Says businessman Arnold Basserabie, the chairperson of Afrika Tikkun and former chief executive of Fedsure Financial Services, “We were competitors and engaged on various industry committees where I had the opportunity and benefit of learning from him and identifying some of the pioneering and creative things he did during his tenure in the industry.
“He was extremely dedicated and hardworking, and had a clear understanding of both the big picture and relevant detail.
“A lot is said today about industries being disrupted. Well, he certainly disrupted the life insurance industry with some amazing innovations. He pioneered the introduction of linked (market-related) insurance and investment products, and South Africa’s unit trust and retirement annuity industry.”
Basserabie notes that Gordon was one of the first investors to envisage the potential of Sandton as an investment opportunity and, together with developers Rapp and Maister, built Sandton City. Liberty subsequently built up a very prominent and successful property portfolio, and introduced into South Africa the concept of property-linked investments for individual investors.

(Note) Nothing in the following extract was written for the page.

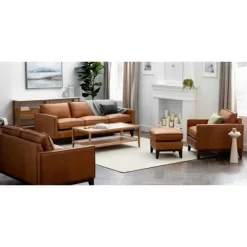 Chatfield Loveseat Chestnut Brown - New Heights -Furniture Specialty Store GUEST 99043fbe 8156 4555 a62e 364a36fec53f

He expanded into the United Kingdom by acquiring a significant stake in Sun Life Assurance, and building up a substantial property portfolio there under the aegis of what became Liberty International.
Gordon has given much back to South Africa, two examples of which are the Gordon Institute of Business Science (affiliated to the University of Pretoria) and the Wits Donald Gordon Medical Centre (of which Basserabie has been a director for the past 15 years).
“He was very competitive,” Basserabie says. “I recall that at one industry conference he was playing tennis [at which he was very proficient]. He ran to the net, cut the ball over the net, and then ran onto the other side of the net, and returned the ball to win the point!”
The South African Jewish Board of Deputies described Sir Donald as “a living legend” for his “phenomenal achievements in both the business and philanthropic fields. As a business leader who founded the global insurance giant Liberty International, he was far-sighted, bold, and innovative. As a philanthropist, his unstinting generosity led to the establishment of a range of outstanding institutions and foundations that have benefited countless people and numerous worthy causes the world over.
“Along with his innumerable services to the wider society, Gordon was a committed member of the Jewish community and contributed extensively over the decades to the welfare of its members.”